Ysabau descendit la berge jusqu’à l’embarcadère. La veille, les derniers champs de glace, des pans de plusieurs arpents, avaient glissé lourdement vers la mer. Et maintenant ne suivaient plus de loin que de petits glaçons bousculés, étrangement blancs, qui filaient avec vélocité dans l’eau limoneuse.

Ysabau distingua le canot que François montait ; un canot tout petit, construit pour la chasse et les rivières rapides du printemps. Il venait à vive allure, la proue levée et battante, chevauchant les puissants bouillonnements surgis des profondeurs ; il semblait devancer l’élan des eaux dévalantes et projeté par le courant, aller plus vite que lui. Assis à l’arrière, François ne se servait de sa pagaie que pour gouverner. Et Ysabau sentait le cœur lui battre à coups précipités.
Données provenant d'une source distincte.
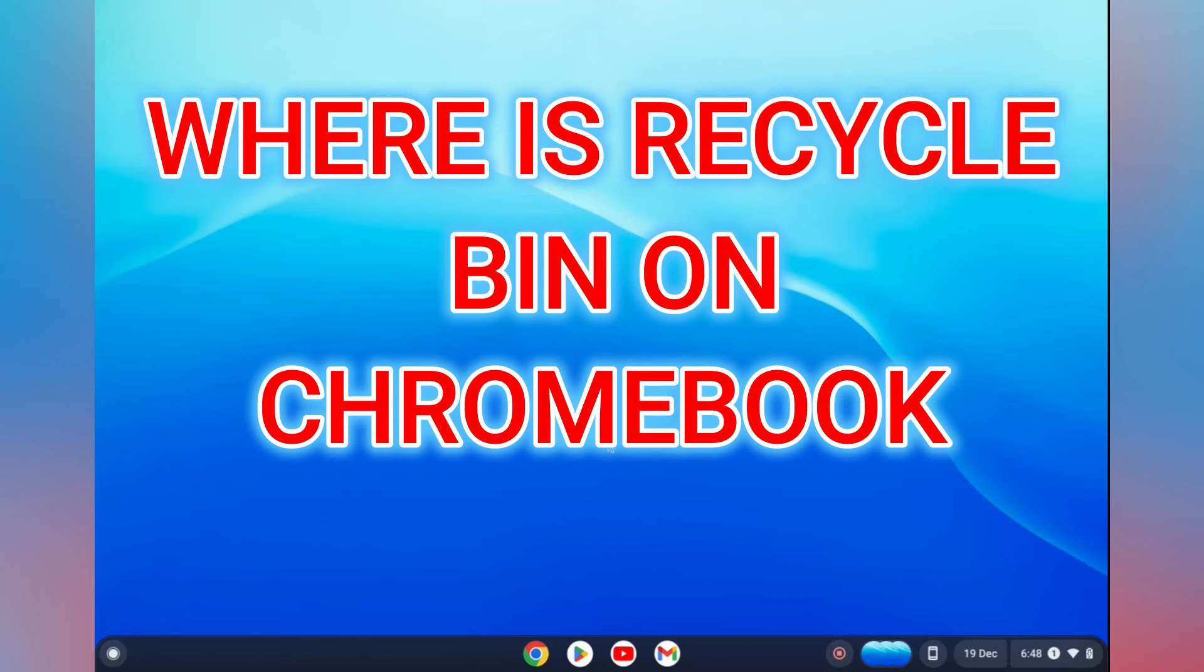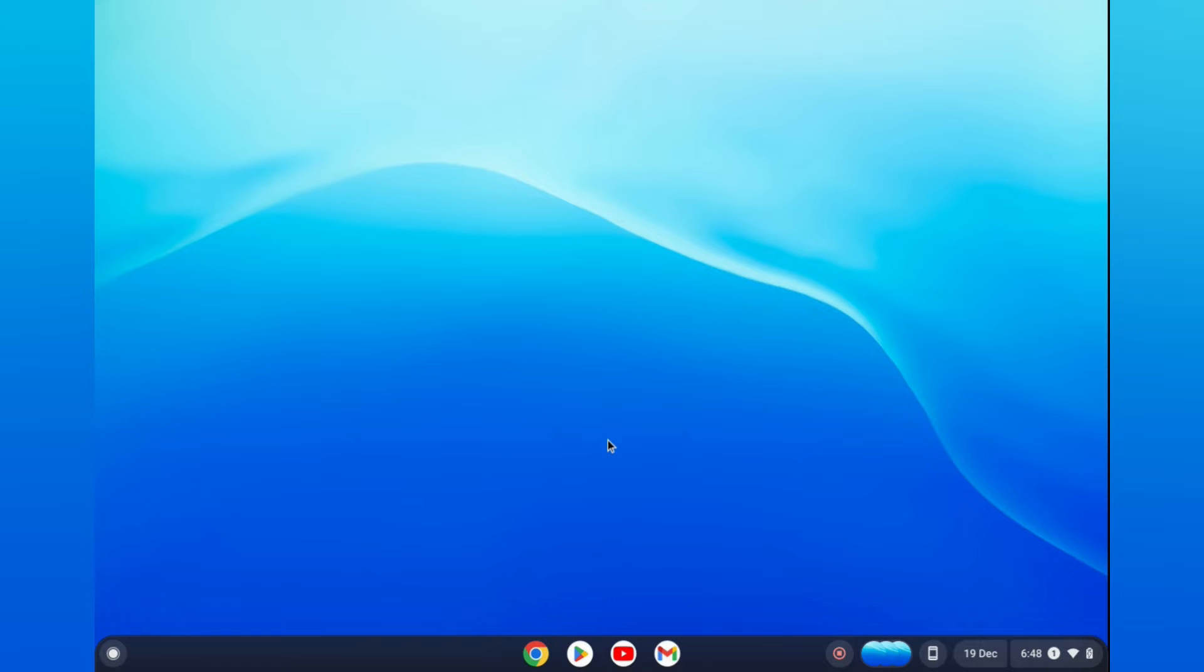Hello, in this video I will be showing you where the recycle bin is on Chromebook. The first thing you need to do is go down to the bottom left hand corner and select launcher.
— Bonjour, petite maman, lui cria François en sautant sur la grève.

— François, tu me feras mourir. Pourquoi ne te sers-tu pas du grand canot ?
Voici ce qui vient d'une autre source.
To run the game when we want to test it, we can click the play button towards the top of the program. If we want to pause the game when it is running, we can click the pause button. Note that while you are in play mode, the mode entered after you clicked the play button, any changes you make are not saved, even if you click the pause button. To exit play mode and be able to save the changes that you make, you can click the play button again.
— Mais non, je ne pourrais remonter le fleuve. Puis, tu sais, j’ai sauté des rapides plus dangereux.

Grand, mince, un peu courbé, François gravissait la berge à côté d’Ysabau.

— Rien de nouveau au fort ?

— Non. Rien de nouveau… Mais c’est le printemps vois-tu ? maman, l’époque où les Iroquois nous envoient des partis de guerre. Il faut s’attendre un peu à tout… Mais ne t’inquiète pas, maman ; pas encore, du moins.

Avec sa vivacité de mouvement, Ysabau s’arrêta net, fit face ; droite et grave, elle regarda son fils.

— Tu me caches quelque chose, François ?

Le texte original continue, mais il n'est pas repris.